*** Opening of Input records ***

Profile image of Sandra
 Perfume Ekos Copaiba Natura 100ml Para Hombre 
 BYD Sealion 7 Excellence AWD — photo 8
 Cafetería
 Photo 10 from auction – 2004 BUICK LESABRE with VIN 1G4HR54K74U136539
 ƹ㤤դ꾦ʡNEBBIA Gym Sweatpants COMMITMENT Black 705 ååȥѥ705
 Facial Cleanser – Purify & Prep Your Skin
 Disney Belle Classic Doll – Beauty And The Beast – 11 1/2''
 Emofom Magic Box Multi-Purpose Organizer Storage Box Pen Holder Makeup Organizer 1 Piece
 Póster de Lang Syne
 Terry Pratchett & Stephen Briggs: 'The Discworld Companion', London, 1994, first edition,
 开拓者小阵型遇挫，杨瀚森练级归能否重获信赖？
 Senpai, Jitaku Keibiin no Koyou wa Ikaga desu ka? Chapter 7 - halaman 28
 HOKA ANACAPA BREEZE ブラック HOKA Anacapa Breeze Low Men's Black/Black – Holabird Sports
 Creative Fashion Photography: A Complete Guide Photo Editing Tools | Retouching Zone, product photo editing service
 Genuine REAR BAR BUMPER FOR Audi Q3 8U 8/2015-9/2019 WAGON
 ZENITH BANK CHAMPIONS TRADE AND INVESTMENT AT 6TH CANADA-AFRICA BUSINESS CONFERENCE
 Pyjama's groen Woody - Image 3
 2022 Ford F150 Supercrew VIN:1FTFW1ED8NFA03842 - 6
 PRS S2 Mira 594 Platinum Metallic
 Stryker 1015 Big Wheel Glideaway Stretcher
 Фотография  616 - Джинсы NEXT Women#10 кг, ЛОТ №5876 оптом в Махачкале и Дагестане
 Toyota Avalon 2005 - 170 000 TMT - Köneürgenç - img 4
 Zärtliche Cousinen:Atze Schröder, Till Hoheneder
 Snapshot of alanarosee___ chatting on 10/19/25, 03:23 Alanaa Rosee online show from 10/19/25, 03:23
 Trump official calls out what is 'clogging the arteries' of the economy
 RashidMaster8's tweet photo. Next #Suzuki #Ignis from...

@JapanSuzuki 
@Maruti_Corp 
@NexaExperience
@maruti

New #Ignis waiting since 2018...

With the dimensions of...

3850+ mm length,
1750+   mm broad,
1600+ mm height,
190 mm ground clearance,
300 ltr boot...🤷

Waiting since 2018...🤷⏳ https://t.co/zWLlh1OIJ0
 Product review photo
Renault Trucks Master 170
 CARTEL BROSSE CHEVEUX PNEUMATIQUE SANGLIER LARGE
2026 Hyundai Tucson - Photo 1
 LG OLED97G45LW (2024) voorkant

*** Close of Input records ***

Restate the records above word for word, omitting nothing.

[Task answer]
Profile image of Sandra
 Perfume Ekos Copaiba Natura 100ml Para Hombre 
 BYD Sealion 7 Excellence AWD — photo 8
 Cafetería
 Photo 10 from auction – 2004 BUICK LESABRE with VIN 1G4HR54K74U136539
 ƹ㤤դ꾦ʡNEBBIA Gym Sweatpants COMMITMENT Black 705 ååȥѥ705
 Facial Cleanser – Purify & Prep Your Skin
 Disney Belle Classic Doll – Beauty And The Beast – 11 1/2''
 Emofom Magic Box Multi-Purpose Organizer Storage Box Pen Holder Makeup Organizer 1 Piece
 Póster de Lang Syne
 Terry Pratchett & Stephen Briggs: 'The Discworld Companion', London, 1994, first edition,
 开拓者小阵型遇挫，杨瀚森练级归能否重获信赖？
 Senpai, Jitaku Keibiin no Koyou wa Ikaga desu ka? Chapter 7 - halaman 28
 HOKA ANACAPA BREEZE ブラック HOKA Anacapa Breeze Low Men's Black/Black – Holabird Sports
 Creative Fashion Photography: A Complete Guide Photo Editing Tools | Retouching Zone, product photo editing service
 Genuine REAR BAR BUMPER FOR Audi Q3 8U 8/2015-9/2019 WAGON
 ZENITH BANK CHAMPIONS TRADE AND INVESTMENT AT 6TH CANADA-AFRICA BUSINESS CONFERENCE
 Pyjama's groen Woody - Image 3
 2022 Ford F150 Supercrew VIN:1FTFW1ED8NFA03842 - 6
 PRS S2 Mira 594 Platinum Metallic
 Stryker 1015 Big Wheel Glideaway Stretcher
 Фотография  616 - Джинсы NEXT Women#10 кг, ЛОТ №5876 оптом в Махачкале и Дагестане
 Toyota Avalon 2005 - 170 000 TMT - Köneürgenç - img 4
 Zärtliche Cousinen:Atze Schröder, Till Hoheneder
 Snapshot of alanarosee___ chatting on 10/19/25, 03:23 Alanaa Rosee online show from 10/19/25, 03:23
 Trump official calls out what is 'clogging the arteries' of the economy
 RashidMaster8's tweet photo. Next #Suzuki #Ignis from...

@JapanSuzuki 
@Maruti_Corp 
@NexaExperience
@maruti

New #Ignis waiting since 2018...

With the dimensions of...

3850+ mm length,
1750+   mm broad,
1600+ mm height,
190 mm ground clearance,
300 ltr boot...🤷

Waiting since 2018...🤷⏳ https://t.co/zWLlh1OIJ0
 Product review photo
Renault Trucks Master 170
 CARTEL BROSSE CHEVEUX PNEUMATIQUE SANGLIER LARGE
2026 Hyundai Tucson - Photo 1
 LG OLED97G45LW (2024) voorkant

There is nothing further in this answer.